In [4]:
import numpy as np
import pandas as pd
from sklearn.metrics import mean_squared_error

from sklearnex import patch_sklearn 
patch_sklearn()


# Ridge Regression
from sklearn.linear_model import Ridge
from sklearn.linear_model import RidgeCV

# Randomforest Regression
from sklearn.ensemble import RandomForestRegressor

# Support Vector Regression
from sklearn.svm import SVR

# hyper parameter tunning
from sklearn.model_selection import GridSearchCV

# ARIMA
from statsmodels.tsa.arima.model import ARIMA
from pmdarima.arima import auto_arima

# LSTM
# from sklearn.preprocessing import MinMaxScaler
# from keras.models import Sequential
# from keras.layers import Dense, Dropout
# from keras.layers import LSTM

from sklearn.model_selection import train_test_split

# -*- coding: utf-8 -*-
"""
Created on Sun Jul 31 16:43:28 2022

@author: Junhyun
"""
class TimeSeriesRegression():
    
    def __init__(self):
        self.data = None
    
    def TimeSeriesDataTransform(self, data, lag):
        """
        ※ 참조 코드 : http://103.60.126.183:8150/gidatalab (LSTM)
        
        데이터를 변환하기 위해서는 Y값이 맨 왼쪽에 위치해있어야함 
        
        To transoform data to timeseries data, target data(Y) have to be located at leftmost
    
        Parameters
        ----------
        data : DataFrame
            data
        lag : int
            시계열 예측에서 데이터를 미는 시점 (= Time sequence)

        Returns
        -------
        agg : 시계열 에측이 가능하도록 변환된 데이터

        """
        if isinstance(self.data, np.ndarray):
            data = pd.DataFrame(self.data)
        elif isinstance(self.data, pd.core.series.Series):
            data = pd.DataFrame(self.data)
        
        n_vars = 1 if type(data) is list else data.shape[1]
        df = pd.DataFrame(data)

        cols, names = list(), list()

        # 입력값의 순서 (t-n, ... t-1)
        for i in range(lag, 0, -1):
            cols.append(df.shift(i))
            names += [('%s(t-%d)' % (data.columns[j], i)) for j in range(n_vars)]

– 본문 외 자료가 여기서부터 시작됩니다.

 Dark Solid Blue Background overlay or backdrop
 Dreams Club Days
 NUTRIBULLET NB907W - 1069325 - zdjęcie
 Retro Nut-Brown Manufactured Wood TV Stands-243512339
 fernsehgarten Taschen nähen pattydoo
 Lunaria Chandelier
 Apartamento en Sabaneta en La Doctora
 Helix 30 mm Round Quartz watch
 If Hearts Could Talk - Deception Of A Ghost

        # 예측의 순서 (t, t+1, ... t+n)
        for i in range(0, 1):
            cols.append(df.shift(-i))
            if i == 0:
                names += [('%s(t)' % (data.columns[j])) for j in range(n_vars)]
            else:
                names += [('%s(t+%d)' % (data.columns[j], i)) for j in range(n_vars)]

        # 합치기
        agg = pd.concat(cols, axis=1)
        agg.columns = names

        # NaN 값의 row를 제거
        agg.dropna(inplace=True)
        
        # 인덱스 초기화
        agg = agg.reset_index(drop=True)
        
        agg = agg.iloc[:,0:(data.shape[1]*lag)+1]

        return agg

        
    # Ridge Regression
    def Ridge_regression(self, X_train, X_test, y_train, y_test):

        alphas = np.arange(0, 1, 0.03)
        ridgecv = RidgeCV(alphas = alphas, cv = 5) 
        ridgecv.fit(X_train, y_train)
        print("alpha : %.2f" % ridgecv.alpha_)

        ridge_train_pred = ridgecv.predict(X_train)
        ridge_test_pred = ridgecv.predict(X_test)

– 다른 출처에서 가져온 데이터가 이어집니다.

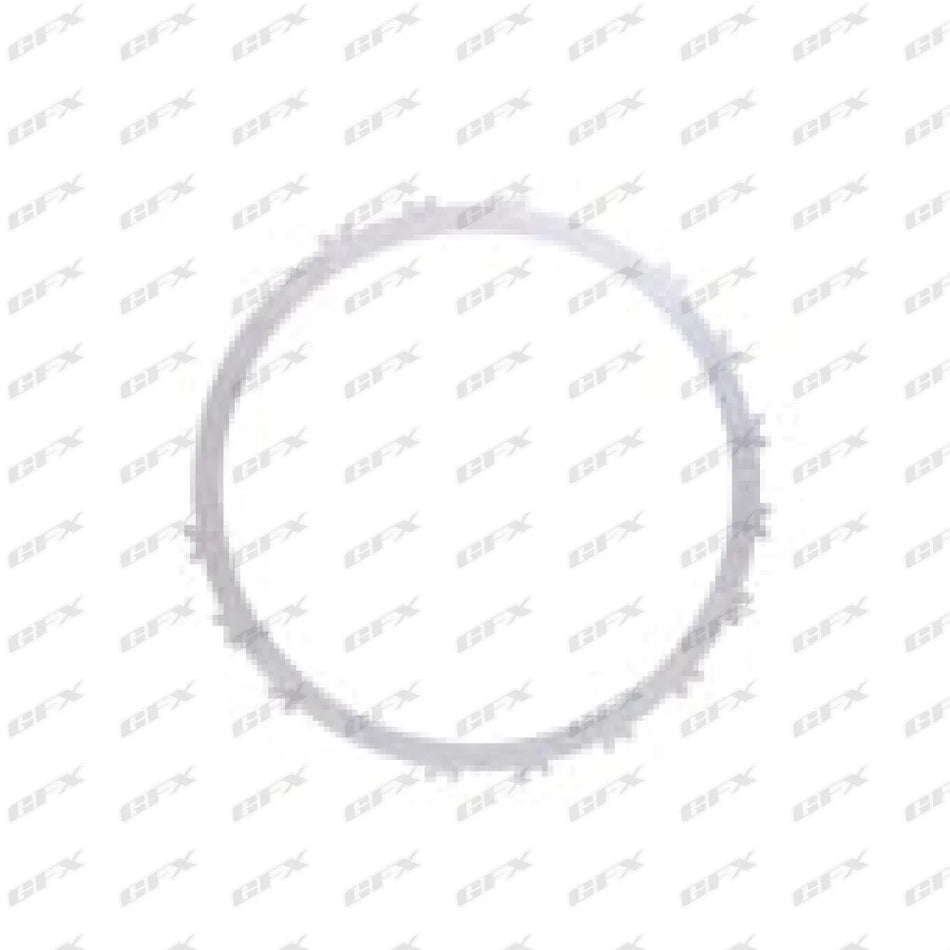 STEEL PLATE - A6MF1 A6MF2 6F24 LOW REV - 0.039’’. 2009 - ON OEM# 456413B600 (KIT) IND# Steel Plates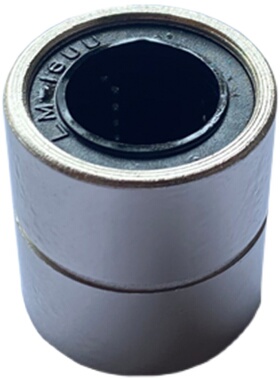 短型/中型直线轴承LMUT/LMUD/LMUDM6 8 10 12 13 16 20 25 30超短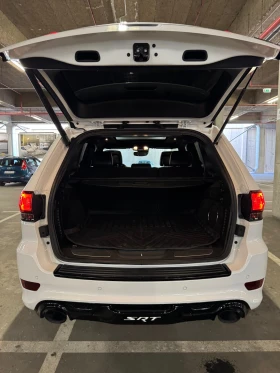 Jeep Grand cherokee SRT - 41800 € / 81753.69 лв. - 57755598 17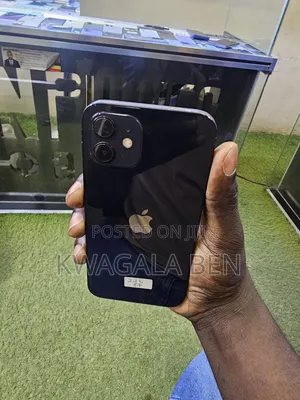 Apple iPhone 12 mini 256 GB Blue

        return({'trainPrediction':ridge_train_pred, 'testPrediction':ridge_test_pred})
    
    # Random Forest Regression
    def Randomforest_regression(self, X_train, X_test, y_train, y_test):

        params = {
            'n_estimators' : [100],
            'max_depth' : [6,8,10,12],
            'min_samples_leaf' : [8,12,8],
            'min_samples_split' : [8,16,20]
        }

        rf = RandomForestRegressor()
        grid_cv = GridSearchCV(rf, param_grid=params, cv=5)
        grid_cv.fit(X_train, y_train)
        print("최적 하이퍼 파라미터:\n", grid_cv.best_params_)

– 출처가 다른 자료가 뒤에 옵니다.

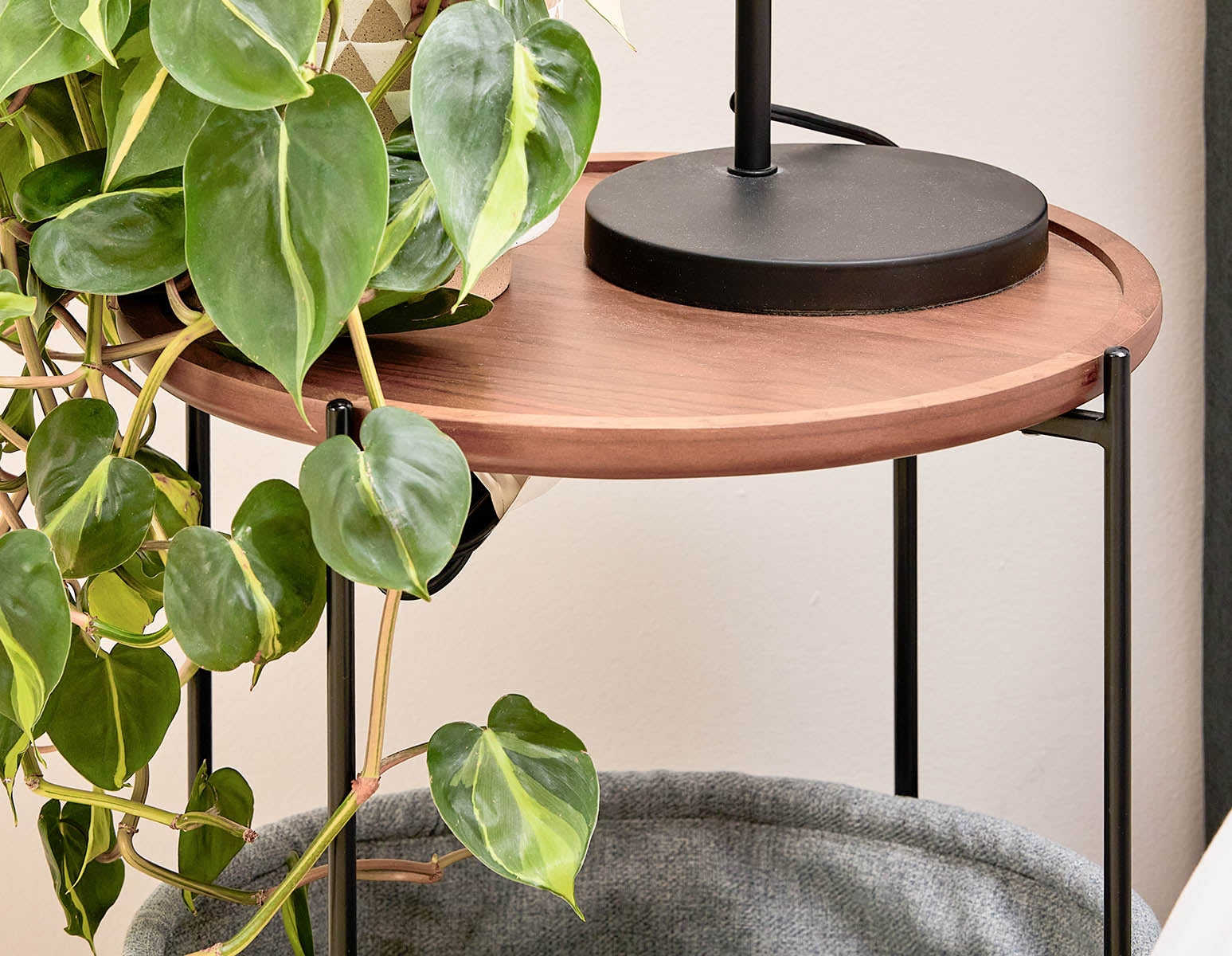 MALAK table d'appoint 42 cm undefined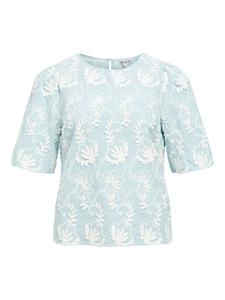OBJECT Блузка 'OBJMya' в цвете Sky Blue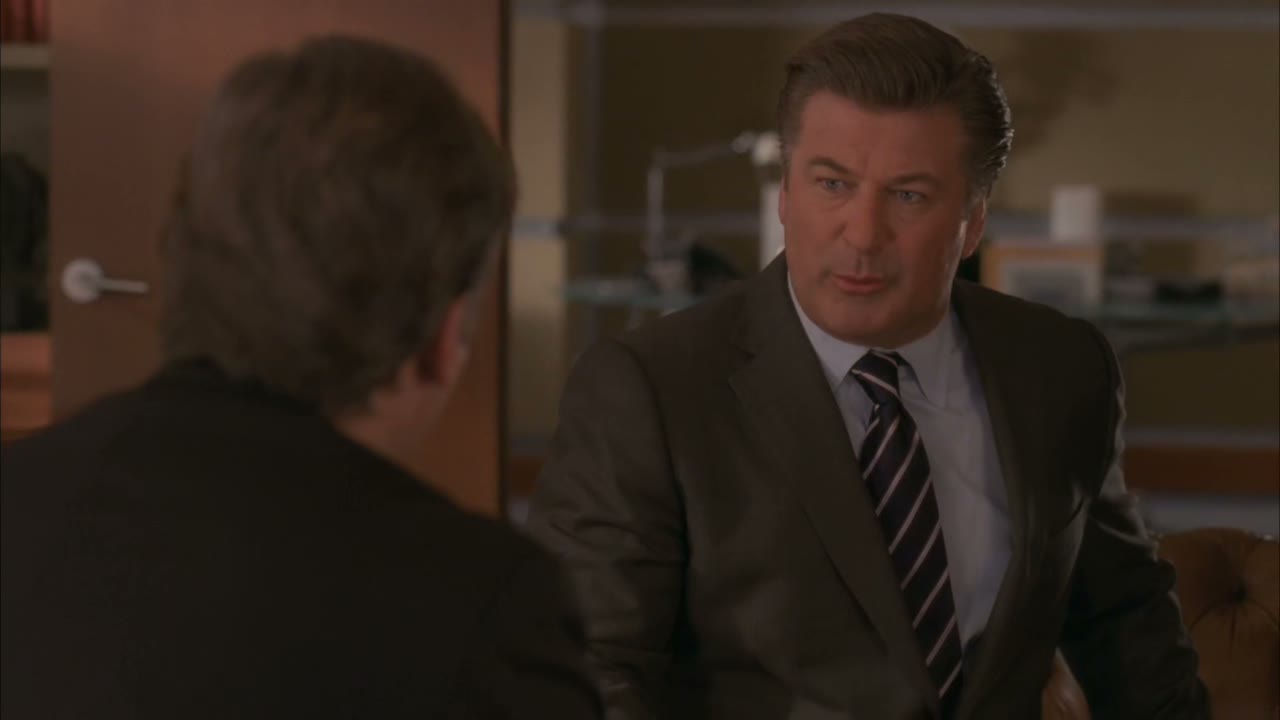 Then what do you want with N. B. C?
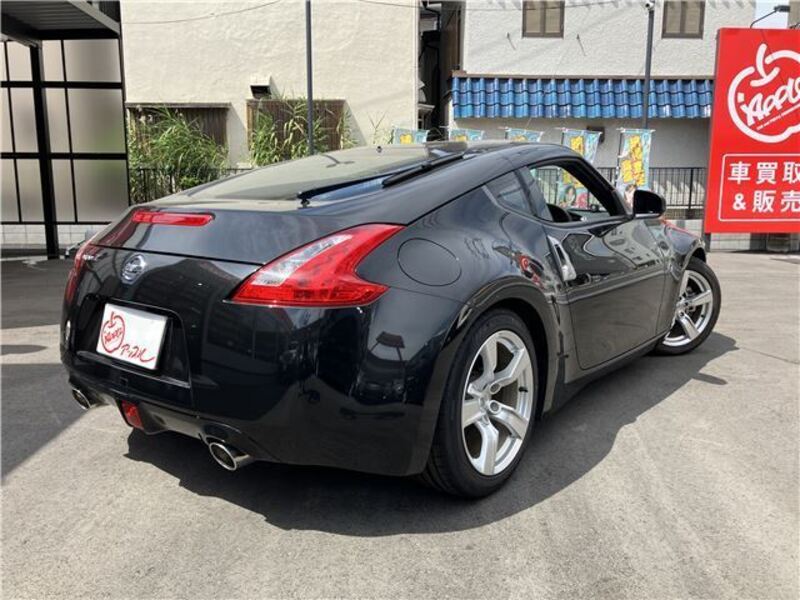 FAIRLADY Z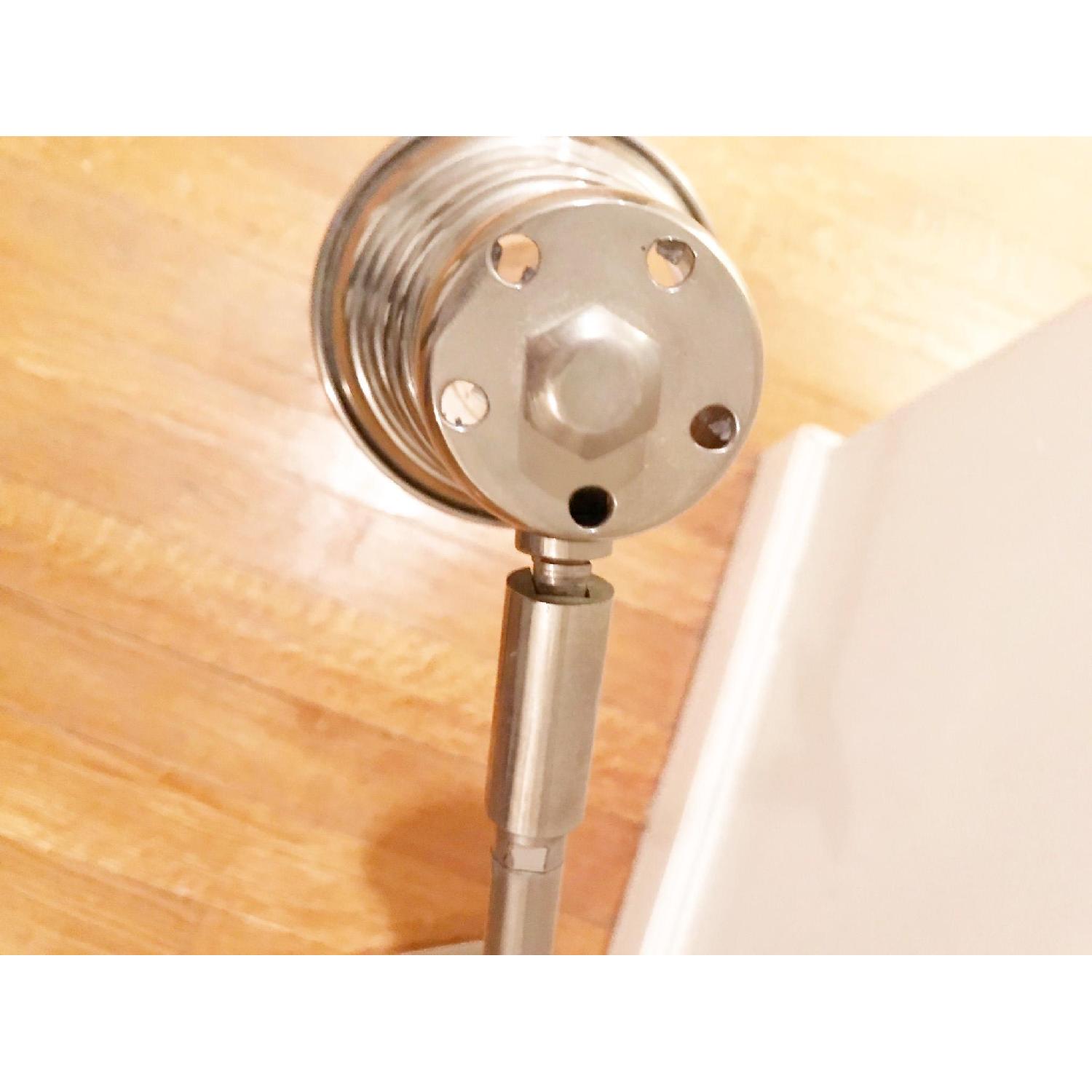 French Chrime Table Lamp - image-4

        rf_train_pred = grid_cv.predict(X_train)
        rf_test_pred = grid_cv.predict(X_test)

        return({'trainPrediction':rf_train_pred, 'testPrediction':rf_test_pred})
    
    # Support Vector Regression
    def Supportvector_regression(self, X_train, X_test, y_train, y_test):

        param_grid = [
            {'kernel':['linear'], 'C': [0.0001, 0.001, 0.01, 0.1, 1.0, 10.0, 100.0, 1000.0]},
            {'kernel':['rbf'], 'C': [0.0001, 0.001, 0.01, 0.1, 1.0, 10.0, 100.0, 1000.0]},
            {'gamma':[0.0001, 0.001, 0.01, 0.1, 1.0]}
        ]
        svr = SVR()
        grid_cv = GridSearchCV(svr, param_grid, cv=5, scoring='neg_mean_squared_error', verbose=1)
        grid_cv.fit(X_train, y_train)
        print("최적 하이퍼 파라미터:\n", grid_cv.best_params_)

        svr_train_pred = grid_cv.predict(X_train)
        svr_test_pred = grid_cv.predict(X_test)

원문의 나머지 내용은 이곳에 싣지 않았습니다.